Short text fragments from websites
_ _ _ _

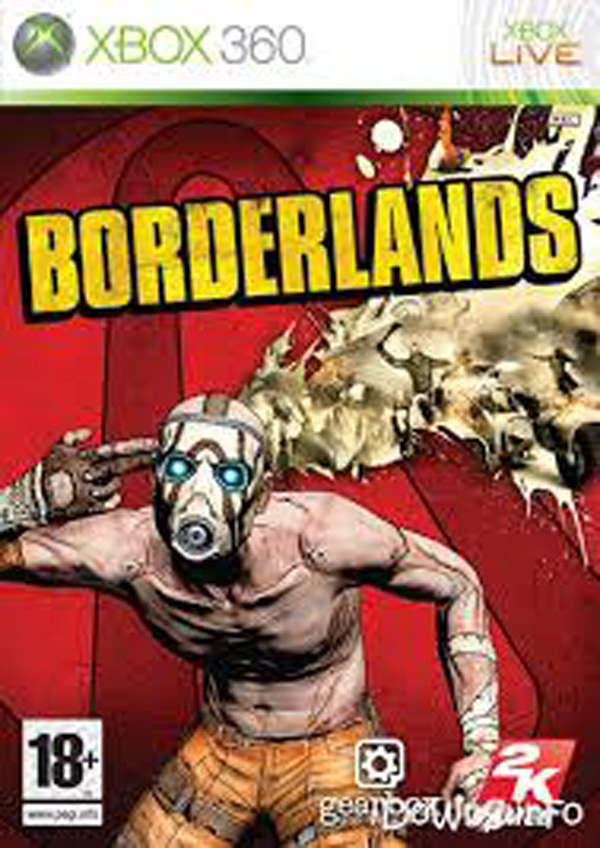 Borderlands  Video Game Back Title by WonderClub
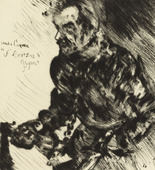 Lovis Corinth. Rudolf Rittner as Florian Geyer (Rudolf Rittner als Florian Geyer). (1924)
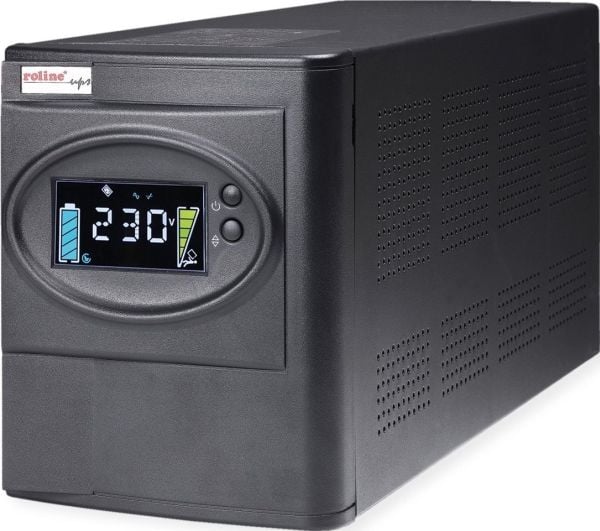 ROLINE LineSecure III 1500 Tower, Linje-Interactive, 1,5 kVA, 1200 W, Ren sinus, 100 V, 240 V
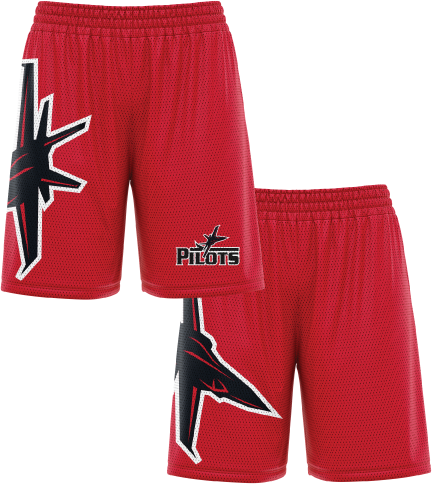 **Pinecrest Pilots Men's Full Dye Athletic Shorts - Lightweight, Quick-Dry for Running, Gym & Casual Wear**
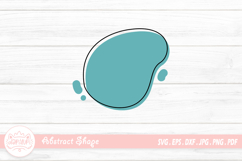 Abstract Shape Clipart | Abstract Fluid Shape Elements Product Image 1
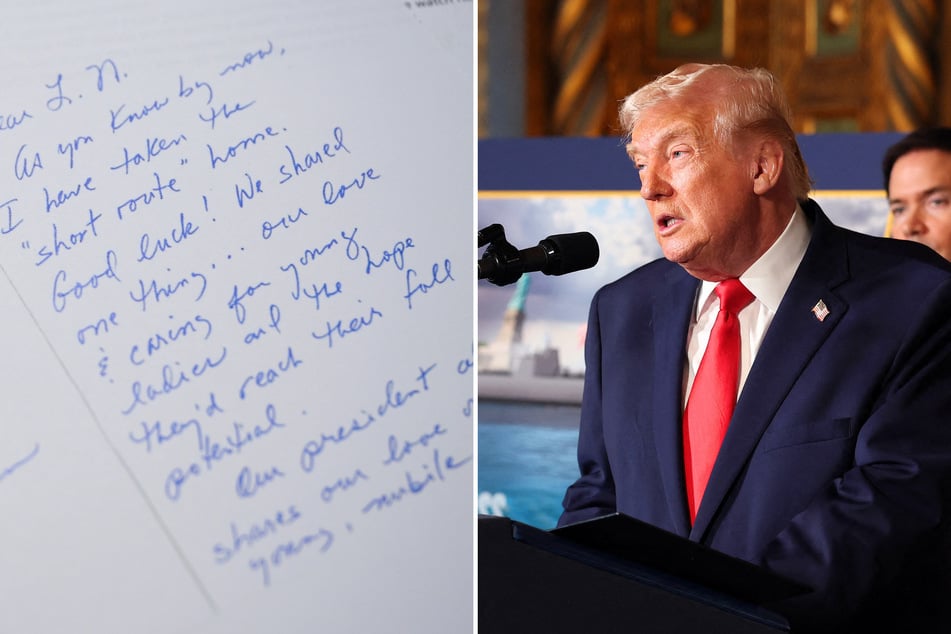 DOJ claims Epstein letter that mentions Trump's love for "nubile girls" is "FAKE"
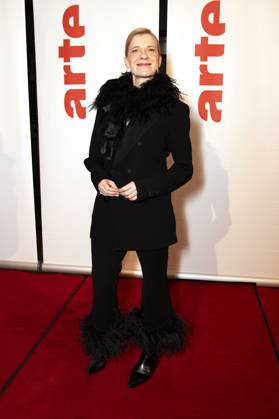 Caroline Peters at the ARTE reception as part of the Berlinale 2025 at the Akademie der Künste on Pariser Platz Berlin, 17 02 2025 Foto:xJ.xKnowlesx xFuturexImagex arte_5208
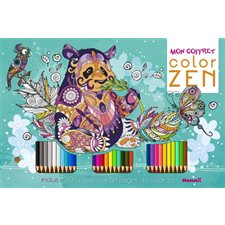 Mon coffret color zen : 64 pages de color zen géants + 30 crayons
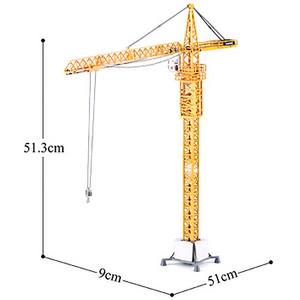 Cần Trục Tháp Kỹ Thuật Đúc Hợp Kim 1/50 Mô Phỏng Cần Cẩu Đồ Chơi Mô Hình Xây Dựng - Product Image 5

_ _ _ _

_ACTION ITEM_. Set down exactly the lines running from the beginning of the entries above to the line that contains "Caroline Peters at", including both, and leave out pictures.

_ANSWER AREA_.
 Borderlands  Video Game Back Title by WonderClub
 Lovis Corinth. Rudolf Rittner as Florian Geyer (Rudolf Rittner als Florian Geyer). (1924)
 ROLINE LineSecure III 1500 Tower, Linje-Interactive, 1,5 kVA, 1200 W, Ren sinus, 100 V, 240 V
 **Pinecrest Pilots Men's Full Dye Athletic Shorts - Lightweight, Quick-Dry for Running, Gym & Casual Wear**
 Abstract Shape Clipart | Abstract Fluid Shape Elements Product Image 1
 DOJ claims Epstein letter that mentions Trump's love for "nubile girls" is "FAKE"
 Caroline Peters at the ARTE reception as part of the Berlinale 2025 at the Akademie der Künste on Pariser Platz Berlin, 17 02 2025 Foto:xJ.xKnowlesx xFuturexImagex arte_5208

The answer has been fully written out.